Short text fragments from websites
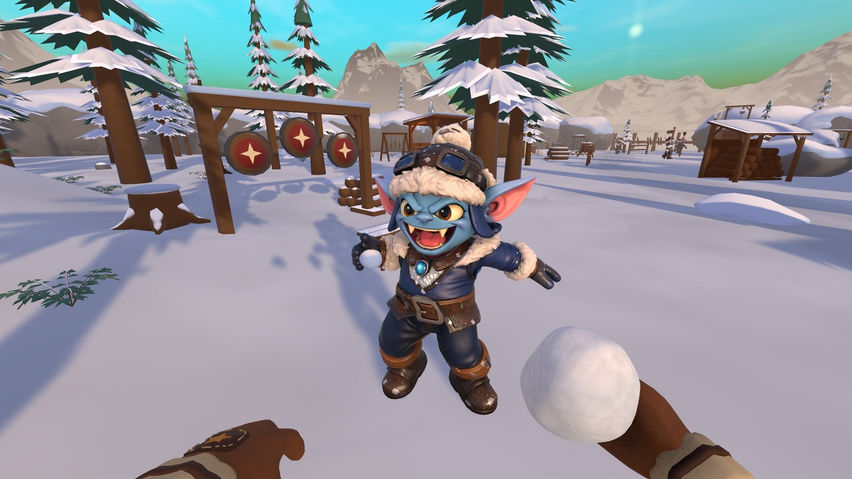 Snowball VR: Capture the Star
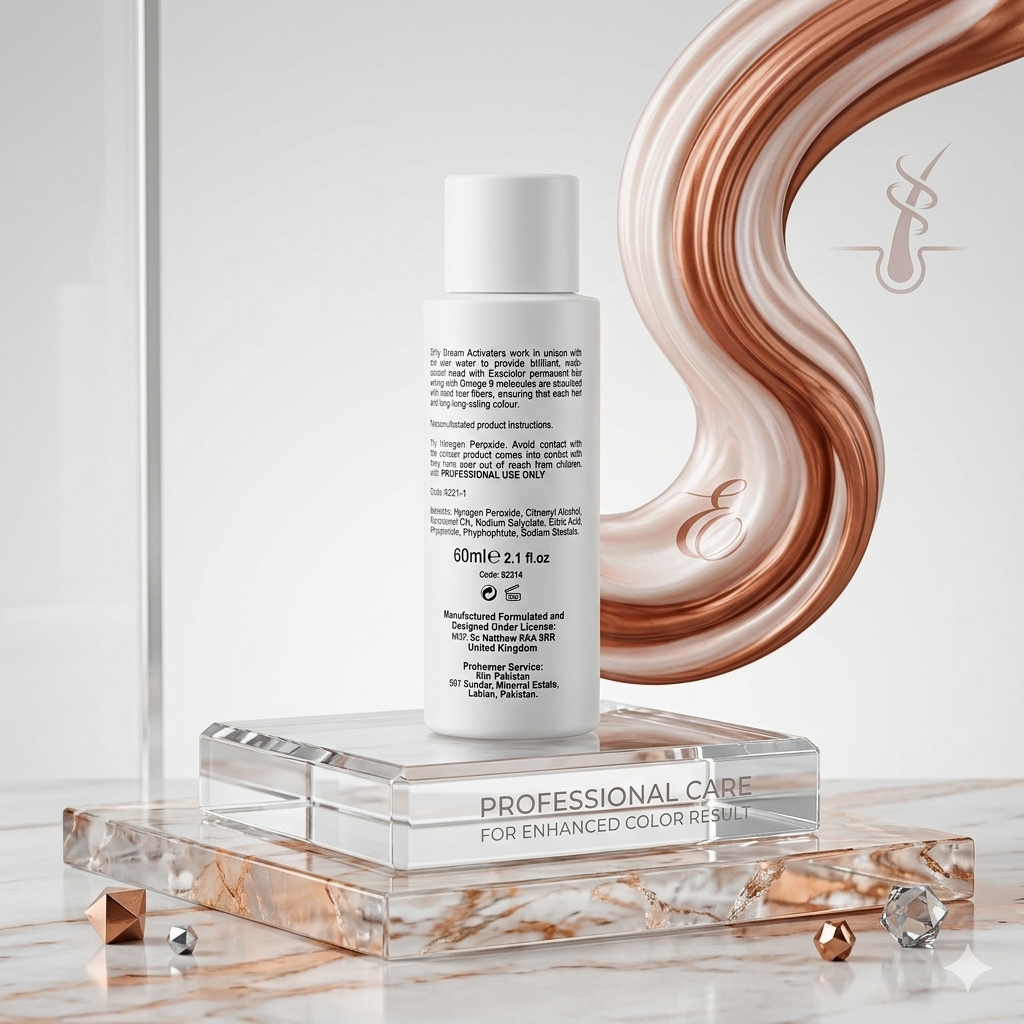 Eazicolor Developer 40 Vol / Cream Activator (60ml)  ✨⚗️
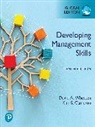 Kim Cameron, Kim S. Cameron, David Whetten, David A. Whetten - Developing Management Skills, Global Edition + MyLab Management with Pearson eText (Package)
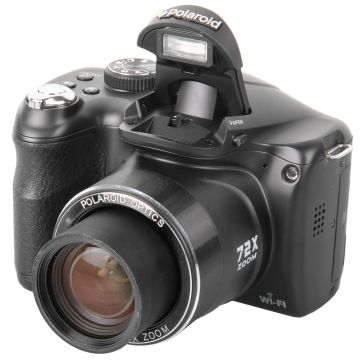 Polaroid 20.1MP 72X Optical Zoom Digital Camera with Tripod Kit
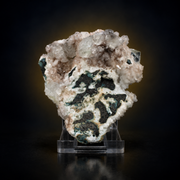 Natural Apophyllite with Stilbite – Mineral Crystal Specimen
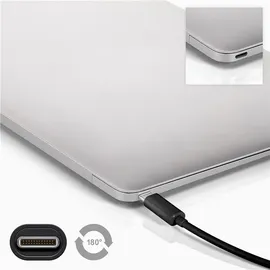 goobay USB-C auf Mini-B Adapter 0,5 m Schwarz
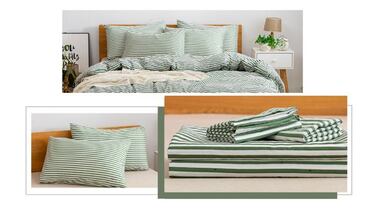 Viste tu cama con este ‘cover duvet’ con más de 9.800 valoraciones en Amazon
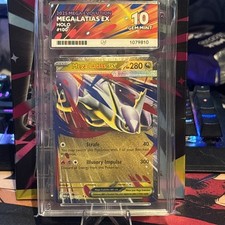 Pokémon TCG Mega Latias EX 100/132 Double Rare, ACE Gem Mint 10 picture
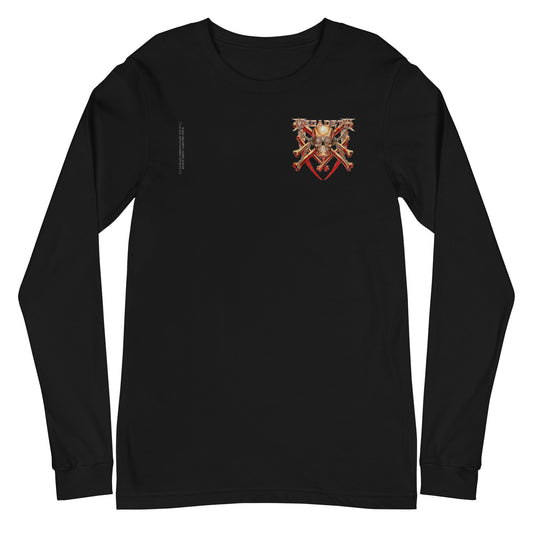 MerchMoment Megadeth - Crossed Bones Long Sleeve T-Shirt [Apparel] Black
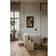 ferm LIVING Abstract Small Rug Brun, Hvid 80X120cm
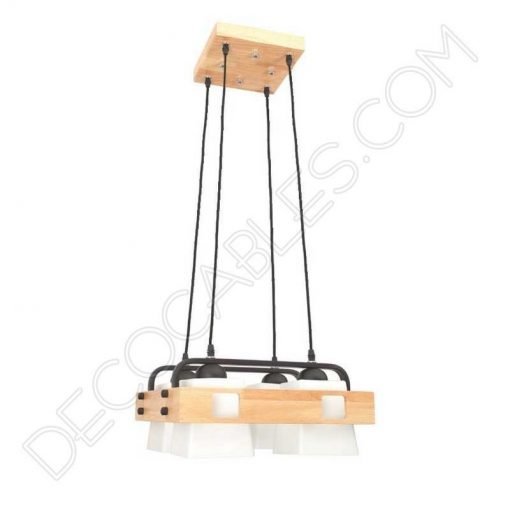 Lámpara de techo estilo nórdico contemporáneo modelo Arendal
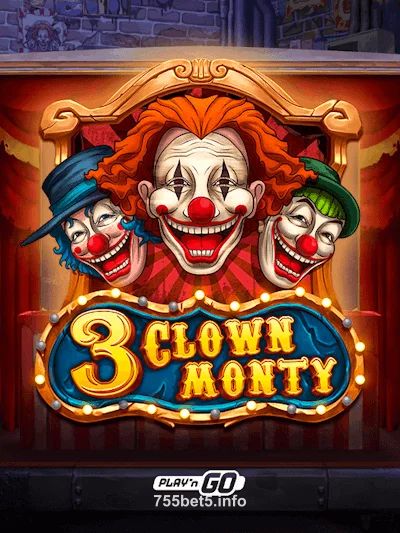 Imagem do Jogo 3 Clown Monty no 755bet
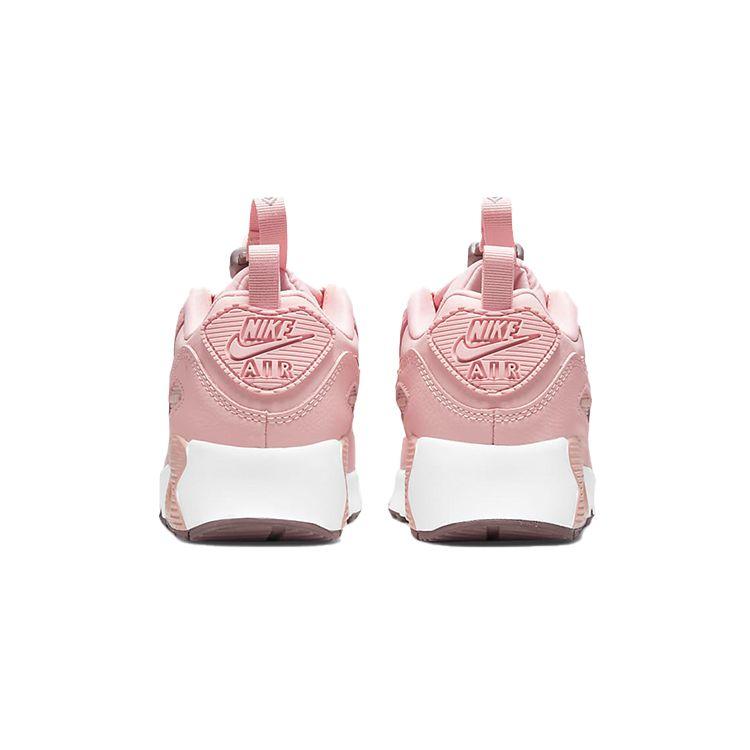 Nike Детские кроссовки Air Max 90 Toggle PS Pink Glaze Violet-Ore White CV0064-600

**Task instructions**
Output only the lines running from the line with "Eazicolor Developer 40" through the last line of the entries above, inclusive, with pictures excluded.

**Exercise output**
 Eazicolor Developer 40 Vol / Cream Activator (60ml)  ✨⚗️
 Kim Cameron, Kim S. Cameron, David Whetten, David A. Whetten - Developing Management Skills, Global Edition + MyLab Management with Pearson eText (Package)
 Polaroid 20.1MP 72X Optical Zoom Digital Camera with Tripod Kit
 Natural Apophyllite with Stilbite – Mineral Crystal Specimen
 goobay USB-C auf Mini-B Adapter 0,5 m Schwarz
 Viste tu cama con este ‘cover duvet’ con más de 9.800 valoraciones en Amazon
 Pokémon TCG Mega Latias EX 100/132 Double Rare, ACE Gem Mint 10 picture
 MerchMoment Megadeth - Crossed Bones Long Sleeve T-Shirt [Apparel] Black
 ferm LIVING Abstract Small Rug Brun, Hvid 80X120cm
 Lámpara de techo estilo nórdico contemporáneo modelo Arendal
 Imagem do Jogo 3 Clown Monty no 755bet
 Nike Детские кроссовки Air Max 90 Toggle PS Pink Glaze Violet-Ore White CV0064-600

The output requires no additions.